Hier können neue Trainingsansätze helfen: Es reicht nicht mehr das zentral bereitgestellte, für alle identische Onlinetraining, verteilt nach dem Gießkannenprinzip. Stattdessen braucht es adaptierte Trainings, die situativ bedingt sind. Also vom aktuellen Kontext und Nutzerverhalten getriggerte kurze Lern- und Trainingseinheit, der auch dem individuellen Wissensstand der Mitarbeiter*innen Rechnung trägt.

Die Digitalisierung bringt auch einen immer höheren Anteil an Automatisierung mit sich. Mich interessiert zum Schluss noch Deine persönliche Einschätzung: Reduziert der Einsatz von Technologie für Routinearbeiten (z.B. von Bots) zukünftig das Risiko des menschlichen Faktors? Und warum (ja oder nein)?

Ich glaube nicht, dass Automatisierung allein das Problem lösen können, solange noch Menschen im Unternehmen beschäftigt sind. Technologie ist sicher ein Teil einer Problemlösung, ich kann immer höhere technische Hürden um menschliches Verhalten herum bauen, um (absichtliches oder nicht absichtliches) Fehlverhalten zu vermeiden. Durch Automatisierung werden Menschen zukünftig andere, z.B. höher qualifizierte Tätigkeiten ausüben, während standardisierte Tätigkeiten durch Maschinen oder automatische Prozesse erledigt werden. Menschen werden aber immer ein lohnendes Angriffsziel und ein Angriffsvektor sein. Mit Veränderung der Tätigkeit werden sich auch die Arten und Mechanismen der Angriffe ändern, also anpassen.

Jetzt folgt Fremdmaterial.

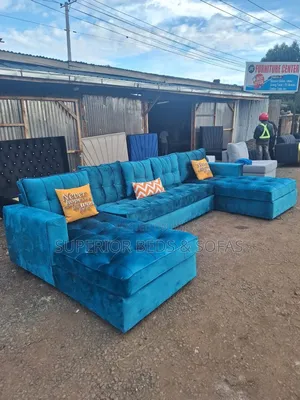 Blue U-Shape Sectional Sofa (7-Seater)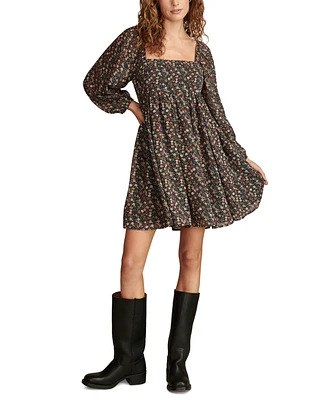 Lucky Brand Women's Printed Square-Neck Long-Sleeve Mini Dress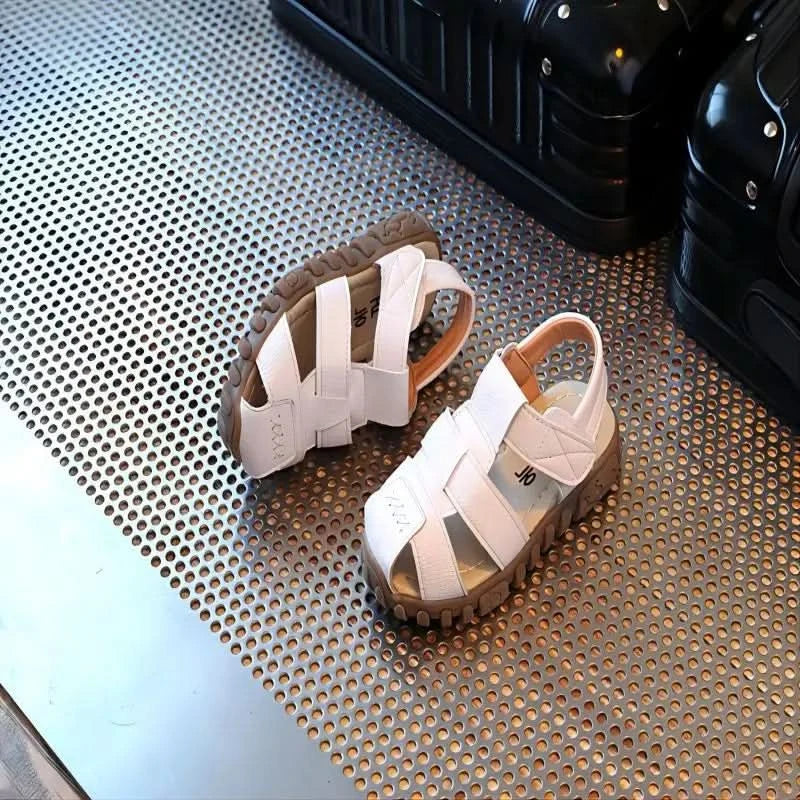 Leather Sandals Boys 2020 100% Soft Leather In Summer The New Boys And Girls Children Beach Shoes Kids Sport Sandals Princess S - M & M Global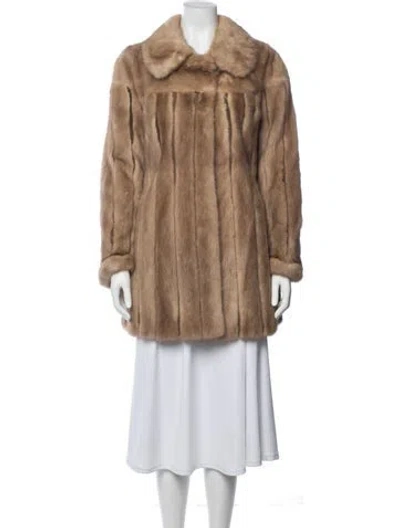 Pre-owned Fur Vintage Mink Faux  Coat In Neutral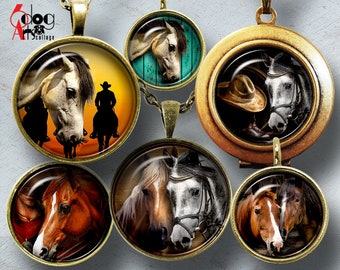 Horses Digital Collage Sheets Printable Downloads for Mini Bottle Caps Pendants Cabochons Crafts 20mm, 18mm, 16mm, 14mm, 12mm Circles JC-050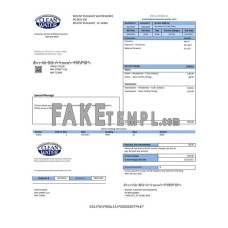 USA Clean fake water utility bill Word and PDF template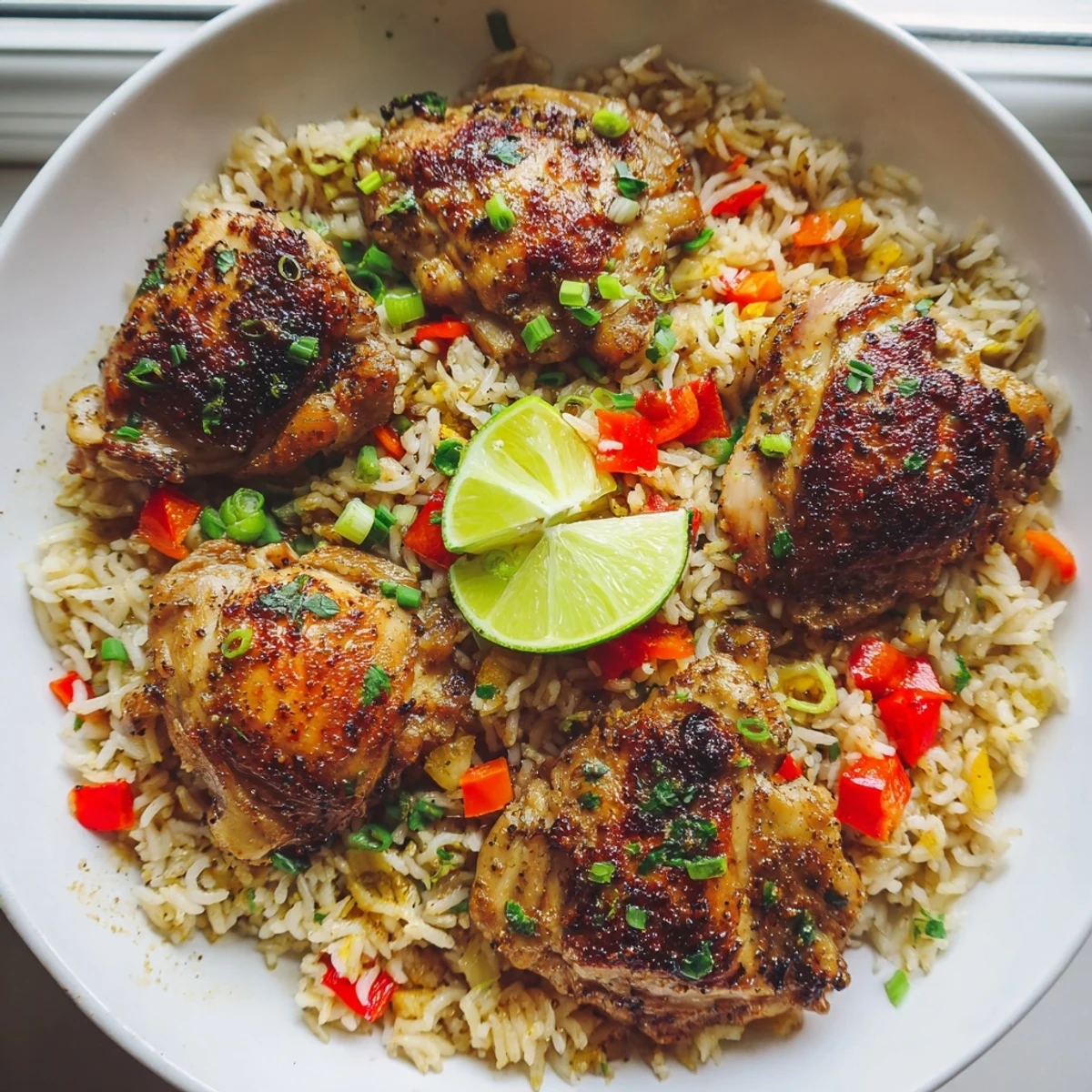 Golden jerk-spiced chicken thighs nestled in fragrant coconut rice with colorful bell peppers and fresh herbs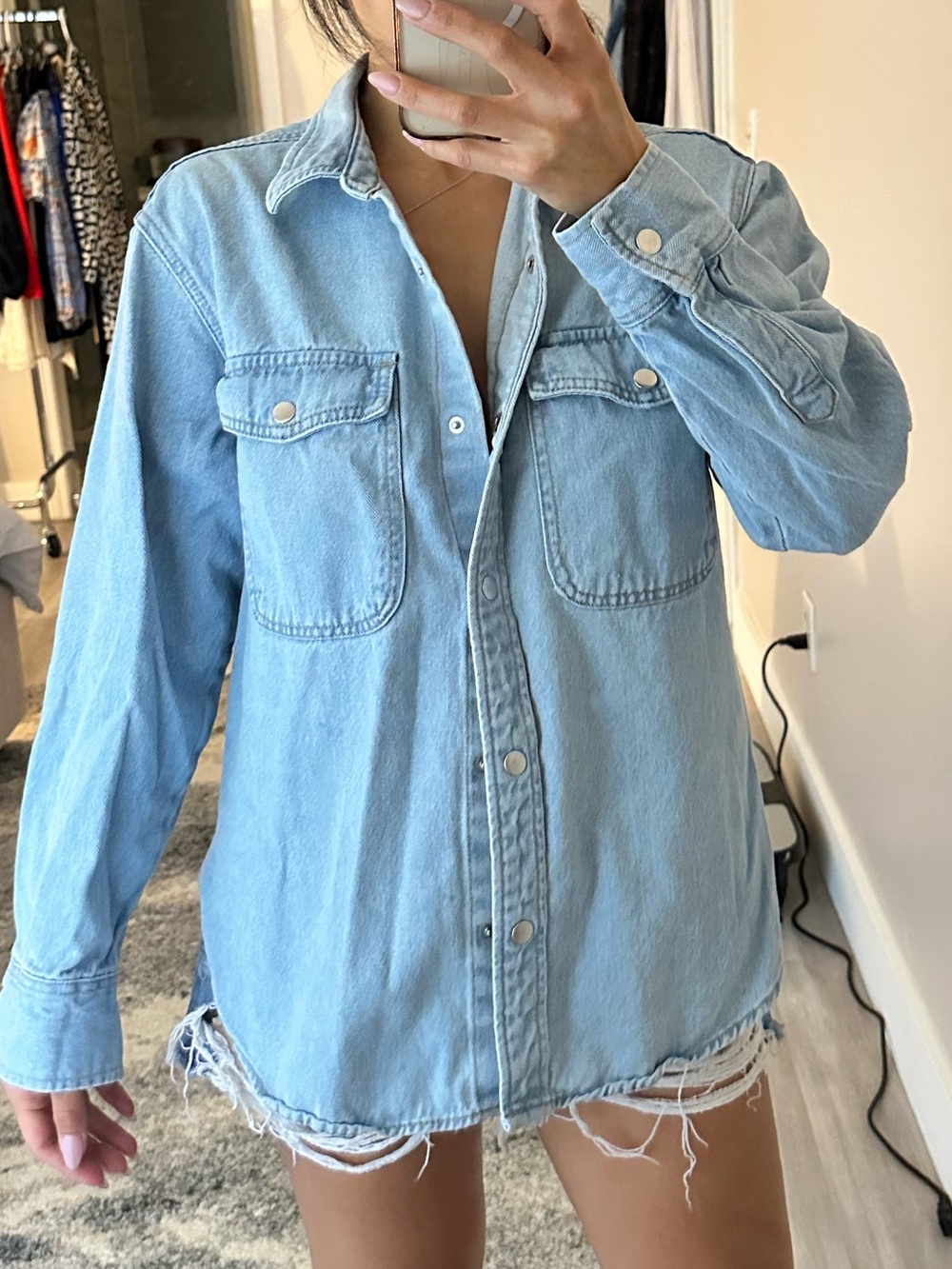 2 shirt jackets . Zara & Universal Thread Light Blue Denim Button-Up Shacket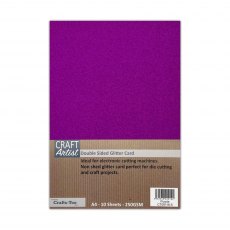 Craft Artist A4 Double Sided Glitter Card Purple | 10 sheets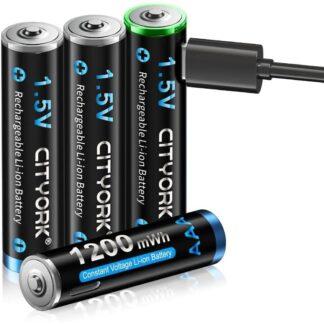 4 Pack USB-C 1.5V AAA 1200mWh Lion Rechargeable Battery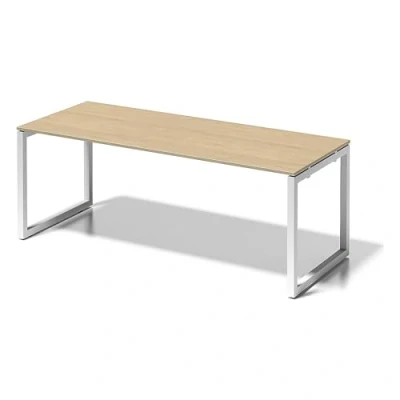 Abbildung von BISLEY Cito Schreibtisch, 740 mm höhenfixes O Gestell, Metall, Mp396 Dekor Ahorn, Gestell Verkehrsweiß, 80 x 200 85 cm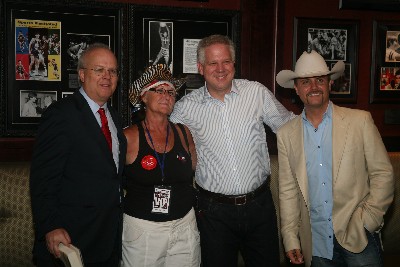 JUNE 23RD "PEP RALLY" BOOK WINNER DEBI BOHANNAN WITH HER BOOK'S AUTHOR KARL ROVE AND GLENN BECK AND JOHN RICH IN THE "GREEN ROOM" BEFORE THE TAKING OUR COUNTRY BACK TOUR PERFORMANCE.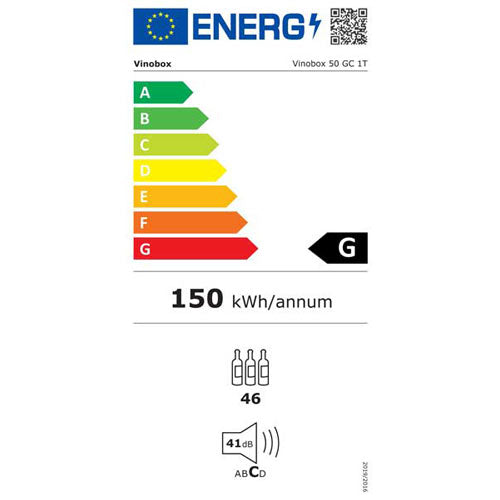 Vinoteca Vinobox 50 botellas 50GC 2T energy label
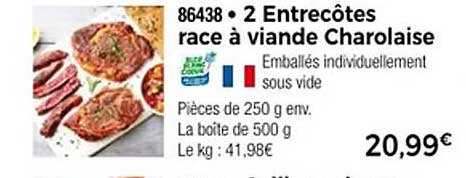 2 Entrecôtes race à viande Charolaise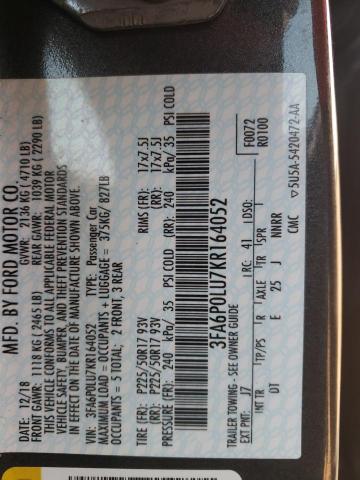 3FA6P0LU7KR164052 - 2019 FORD FUSION SE Boz foto 13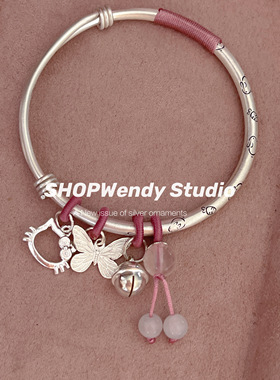 足银手镯可爱小兔kitty蝴蝶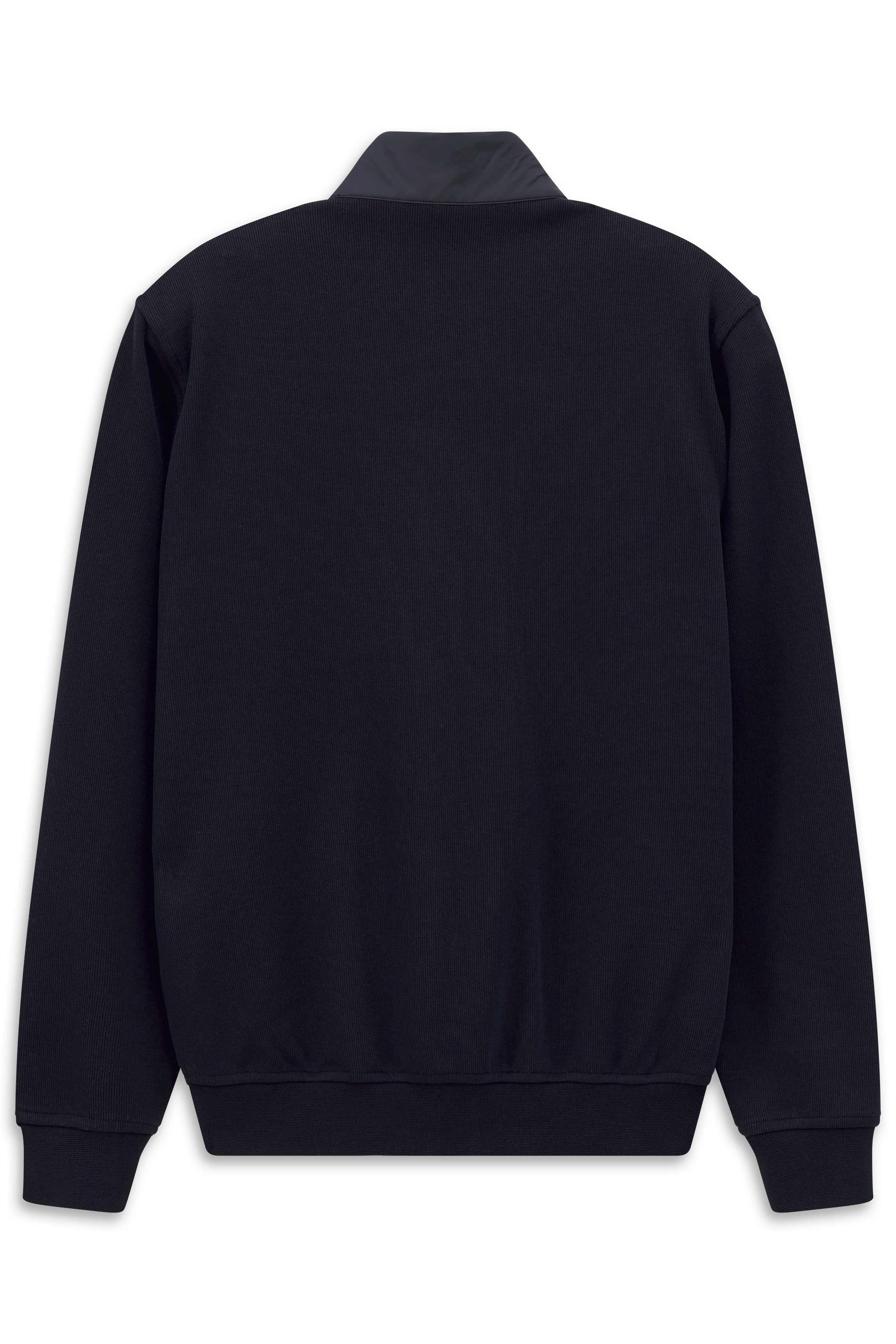 Schwarzer bugatti Pullover, Rückansicht, legeres Büstenbild, zeitloses Design.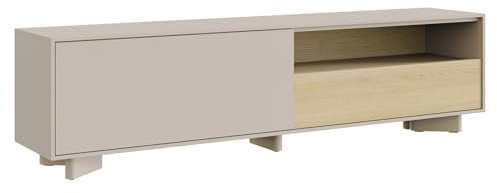 Selsey TV Schrank 175 cm Kaschmir Eiche Vicenza – Sideboard Wohnzimmer und Lowboard stehend, modernes TV Board mit Türen, Schublade und offener Nische, TV Möbel und Fernsehschrank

Wenn ich beispielsweise durch Phishing keine Passwörter mehr stehlen kann, weil sie durch biometrische Systeme nicht mehr erforderlich sind, verlege ich mich als Cyber-Kriminelle*r auf andere Social-Engineering-Techniken. Es wird alternative Möglichkeiten geben, die technischen Hürden zu überwinden und Informationen zu beschaffen. Eine absolute technische Sicherheit, die uns Menschen vor unserer eigenen Menschlichkeit beschützt, wird es nicht geben. Awareness bedeutet vor allem, ein höheres Gefahrenbewusstsein zu entwickeln, das ist aus meiner Sicht der Schlüssel zu mehr Sicherheit.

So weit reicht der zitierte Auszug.